The great 1983 film Trading Places features two duffers who made a fortune by betting on this crop. Thanks to Hurricane Irma, you can do the same thing today.

The great 1983 Eddie Murphy/Dan Aykroyd film Trading Places features two duffers pulling off a massive commodity futures scam. It was orange juice futures. They made a fortune by betting on the orange crop in Florida.

Thanks to Hurricane Irma, you can do the same thing today.

After Brazil, Florida is the world’s second-largest orange juice producer.

The orange juice industry is in a massive decline. Sales fell 14% — about a $98 million fall from 2012 to 2016. Some food exchange-traded funds that once held orange juice futures no longer use them as an investment.

It doesn’t help that we now know that orange juice is bad for you. It has the nutritional value of soda.

Business Insider called orange juice the “biggest con of your life.” That’s important, as the U.S. is the world’s largest consumer of orange juice by many times. We consumed over 630,000 metric tons of orange juice last year.

Irma’s Impact

Frozen orange juice futures tanked over the past year. After peaking in October 2016 at $225, the JPMorgan Orange Juice Price Index fell 44% to a low of $125 in July 2017. You can see what I mean in the chart below:

The great 1983 film Trading Places features two duffers who made a fortune by betting on this crop. Thanks to Hurricane Irma, you can do the same thing today.

The price of frozen orange juice jumped 21% in two weeks as Hurricane Irma grew and took aim at Florida.

The Florida orange crop looked particularly strong this year. Shannon Shepp, the executive director of the Florida Department of Citrus, wrote:

Before Hurricane Irma, there was a good chance we would have more than 75 million boxes of oranges on the trees this season. We now have much less.

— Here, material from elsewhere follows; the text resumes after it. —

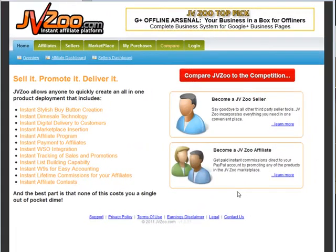In this video series we're going to look at the JVZoo platform. This platform enables you to set up an instant affiliate program, download protection, and many more things. You can set it up once and then paste the buttons wherever you need them, without worrying about delivery or paying your affiliates, as that happens automatically. It's all done for nothing upfront with just a small 5% fee on each sale, so you only pay per sale.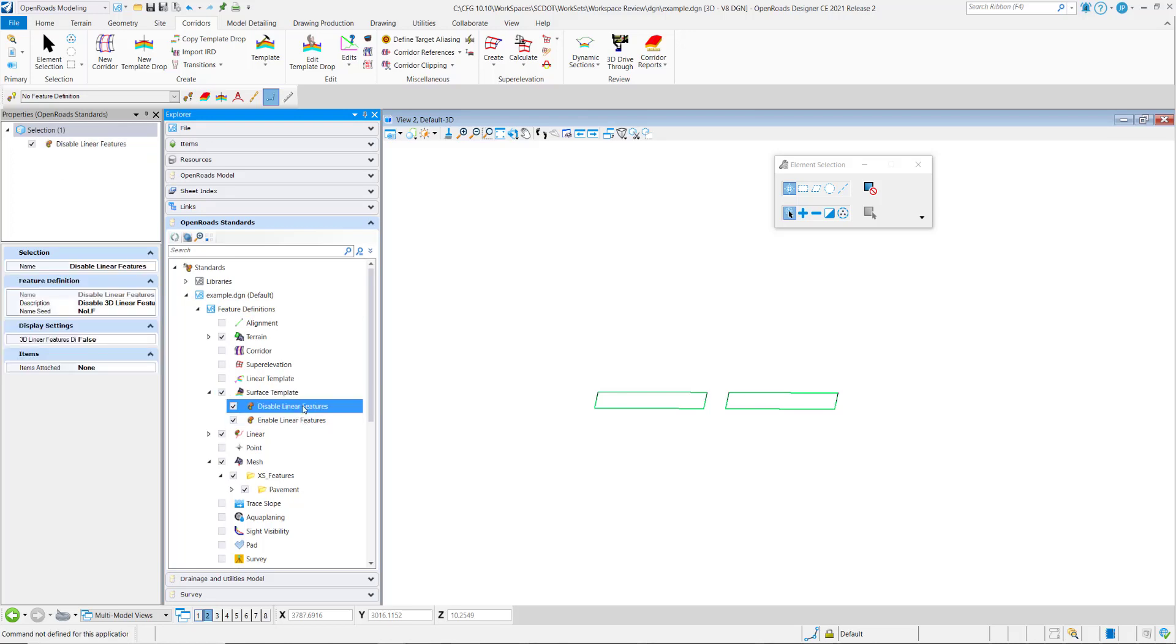If I choose the first one, disable linear features, you notice I get the standard settings for all feature definitions: a name, a description, a name seed, whether I want item types applied or not,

To put that in perspective, last year’s crop, the worst since 2005, was about 77.9 million boxes. That crop sold for $800 million. In Florida, 90% of the oranges become juice.

This year, the crop looks like the lowest in 50 years. As you can imagine, that pushed the price of orange juice futures up, as we see in the chart above.

Sadly, unless you trade commodities, regular investors struggle to get in on this position. One way is the Elements Agriculture Total Return ETN (NYSE: RJA). It holds 1.8% of its assets in orange juice futures.

That’s about the best way I found to trade what could be a nice winner in orange juice. That’s typical with these trends. Sometimes, it’s hard to find a way to profit from them, even when you find a great opportunity.